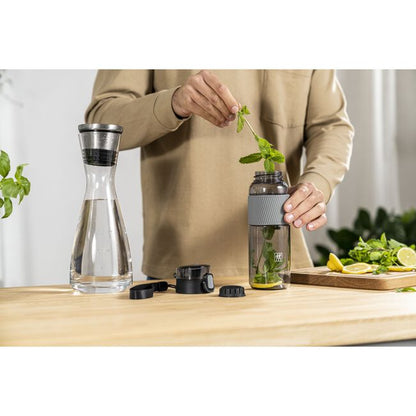 Zwilling Drinking Bottle 680ml - Grey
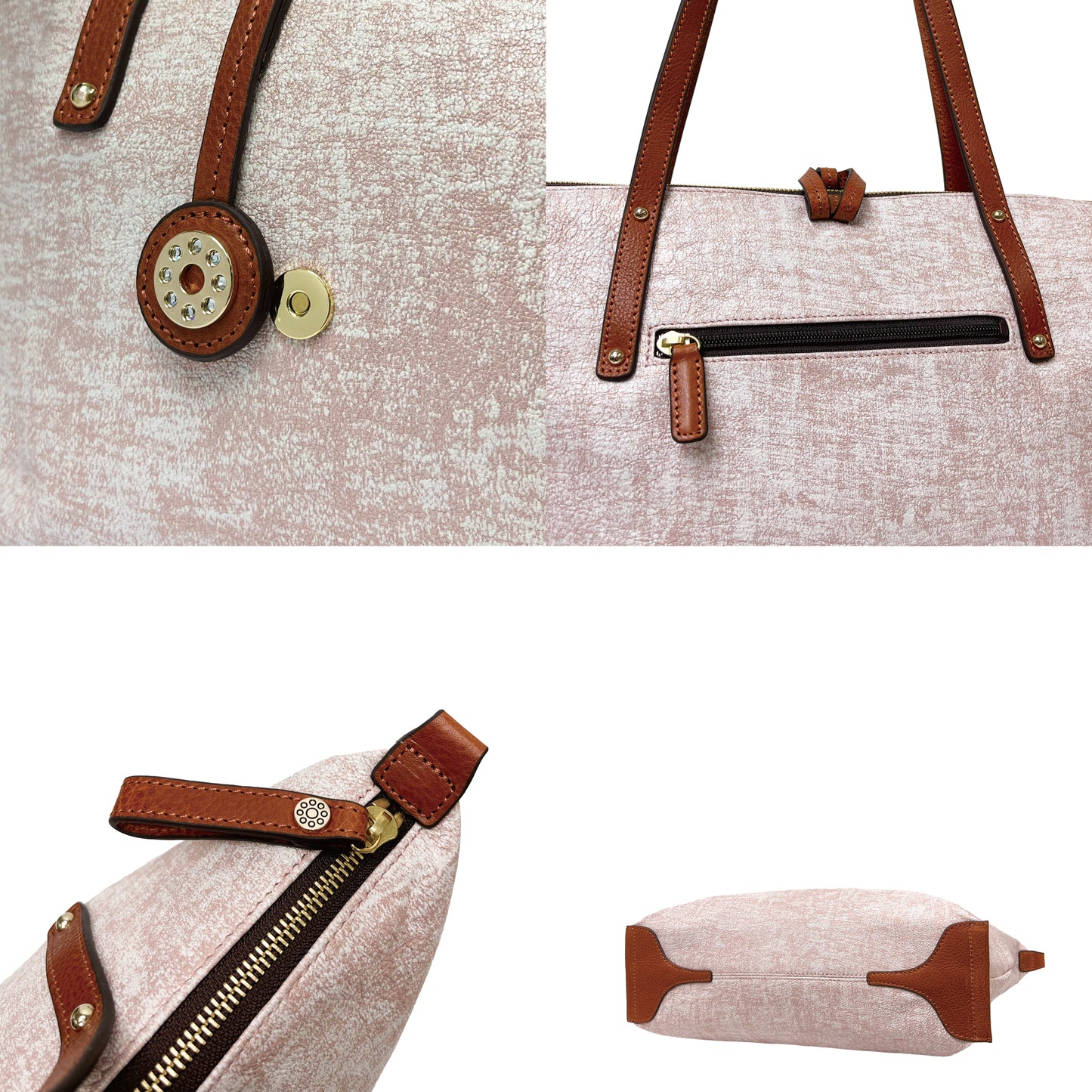 LEGEND | Leather Tote Bag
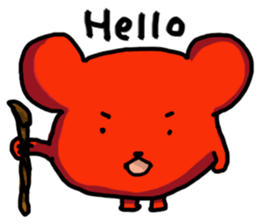 Duckie and Co English version sticker #7076425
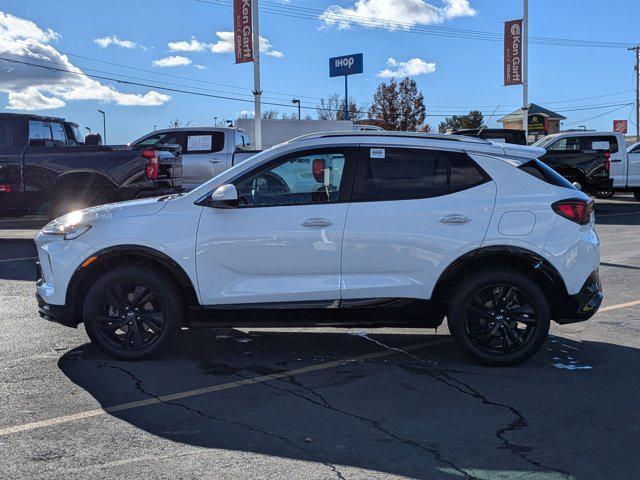 used 2024 Buick Encore GX car, priced at $25,962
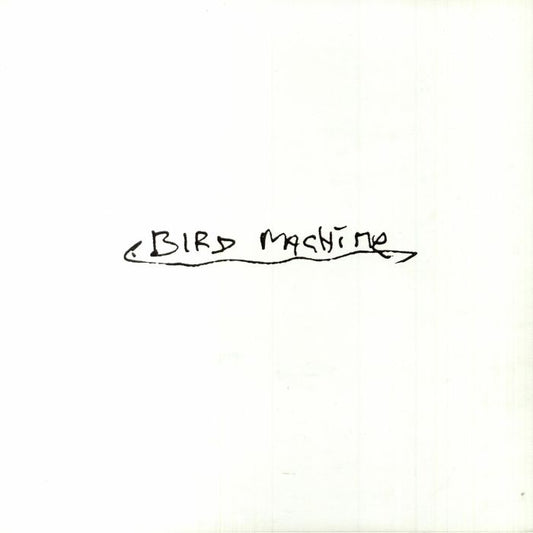 Bird Machine - Vinyl LP vinyl record cover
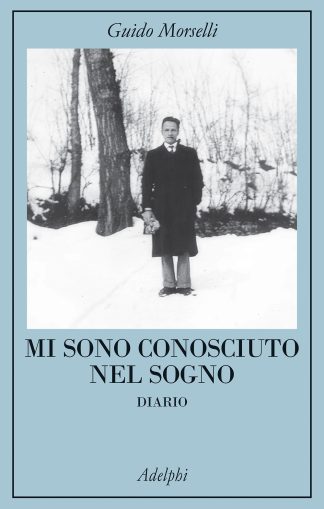 mi sono conosciuto nel sogno. diario.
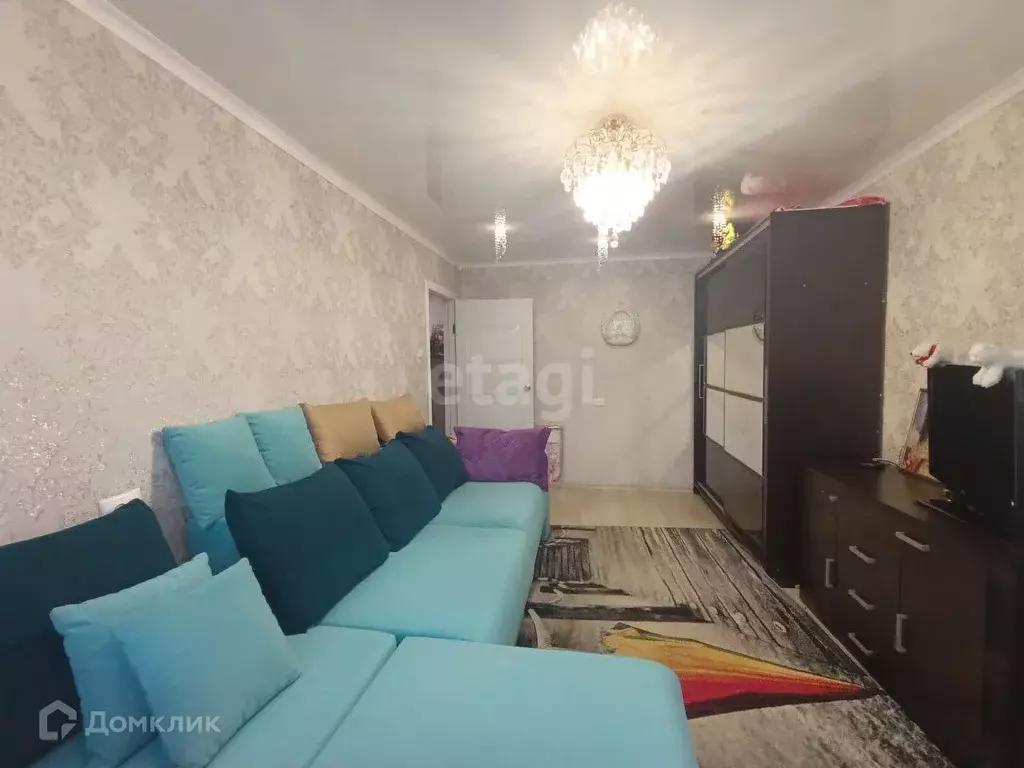 Продаётся 2-к квартира, 55 м - Фото 1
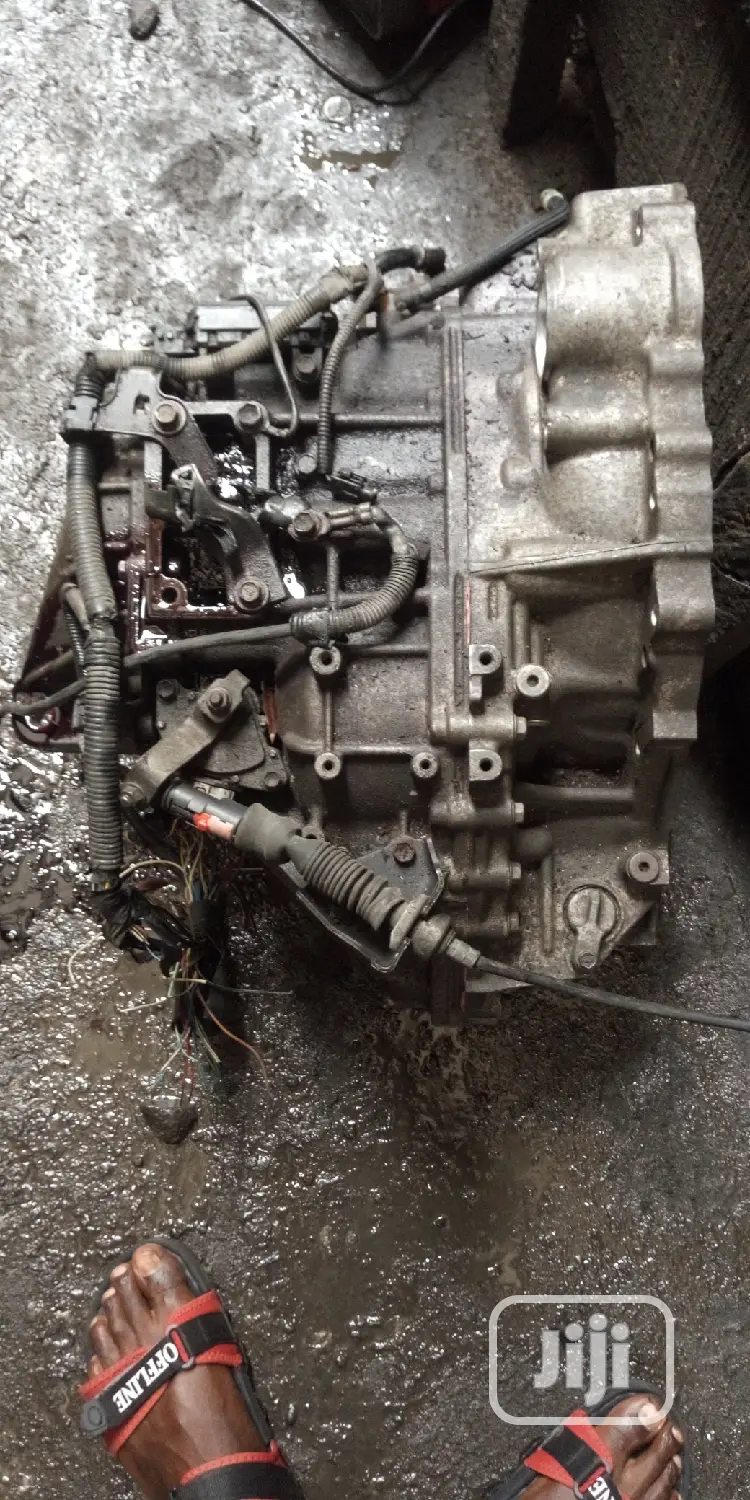 Gear Box for 2.7 Camry 22pin V6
━━━
> [Work item] Once the line holding "Bird Machine - Vinyl LP vinyl record cover" is found, copy it and each later line exactly through the end of the data, leaving out the pictures.

> [Answer area]
 Bird Machine - Vinyl LP vinyl record cover
 mi sono conosciuto nel sogno. diario.
 Продаётся 2-к квартира, 55 м - Фото 1
 Gear Box for 2.7 Camry 22pin V6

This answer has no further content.